══ RECORDS PROVIDED ══
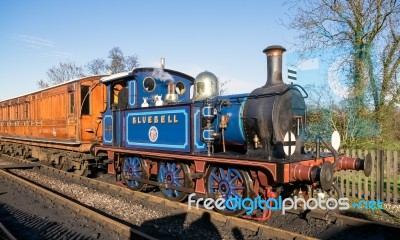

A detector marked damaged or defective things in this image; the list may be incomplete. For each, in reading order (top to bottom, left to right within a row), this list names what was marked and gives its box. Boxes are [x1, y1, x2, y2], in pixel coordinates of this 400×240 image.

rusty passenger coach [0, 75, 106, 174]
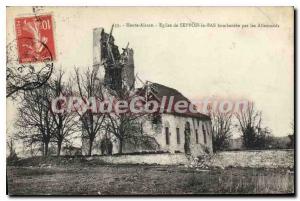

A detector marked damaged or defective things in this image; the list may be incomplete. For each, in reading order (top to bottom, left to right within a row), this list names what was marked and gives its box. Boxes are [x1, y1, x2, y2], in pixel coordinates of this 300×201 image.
═══
══ RECORDS PROVIDED ══
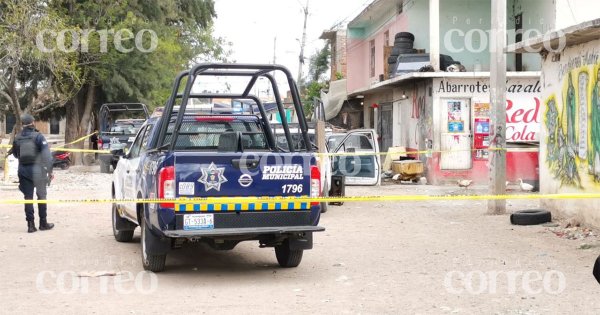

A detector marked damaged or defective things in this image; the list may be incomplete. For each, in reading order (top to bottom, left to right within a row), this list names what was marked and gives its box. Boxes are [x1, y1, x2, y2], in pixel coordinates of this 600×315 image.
═══
══ RECORDS PROVIDED ══
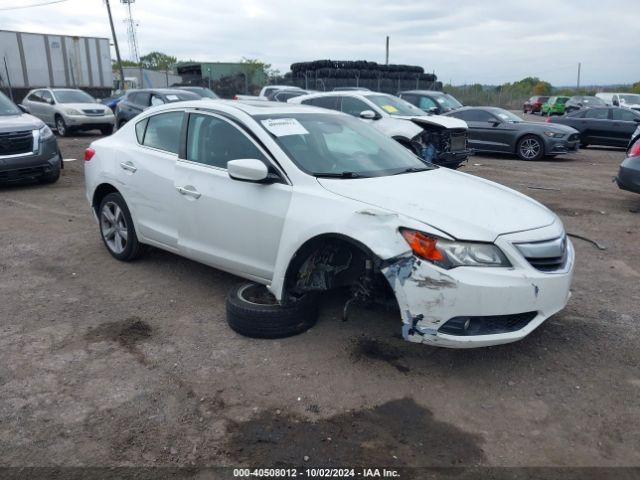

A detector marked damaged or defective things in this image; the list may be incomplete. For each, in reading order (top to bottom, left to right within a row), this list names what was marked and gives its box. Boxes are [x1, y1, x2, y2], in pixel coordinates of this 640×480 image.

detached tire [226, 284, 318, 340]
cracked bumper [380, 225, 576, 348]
═══
■ **EXERCISE**
Within the entries above, give again exactly the lines starting at the one that contains "this 400×240 image." and ending at the one that contains "this 300×201 image.", leaving out the pictures.

■ **ANSWER FOR THIS EXERCISE**
A detector marked damaged or defective things in this image; the list may be incomplete. For each, in reading order (top to bottom, left to right within a row), this list names what was marked and gives its box. Boxes are [x1, y1, x2, y2], in pixel coordinates of this 400×240 image.

rusty passenger coach [0, 75, 106, 174]

A detector marked damaged or defective things in this image; the list may be incomplete. For each, in reading order (top to bottom, left to right within a row), this list names what was marked and gives its box. Boxes are [x1, y1, x2, y2], in pixel coordinates of this 300×201 image.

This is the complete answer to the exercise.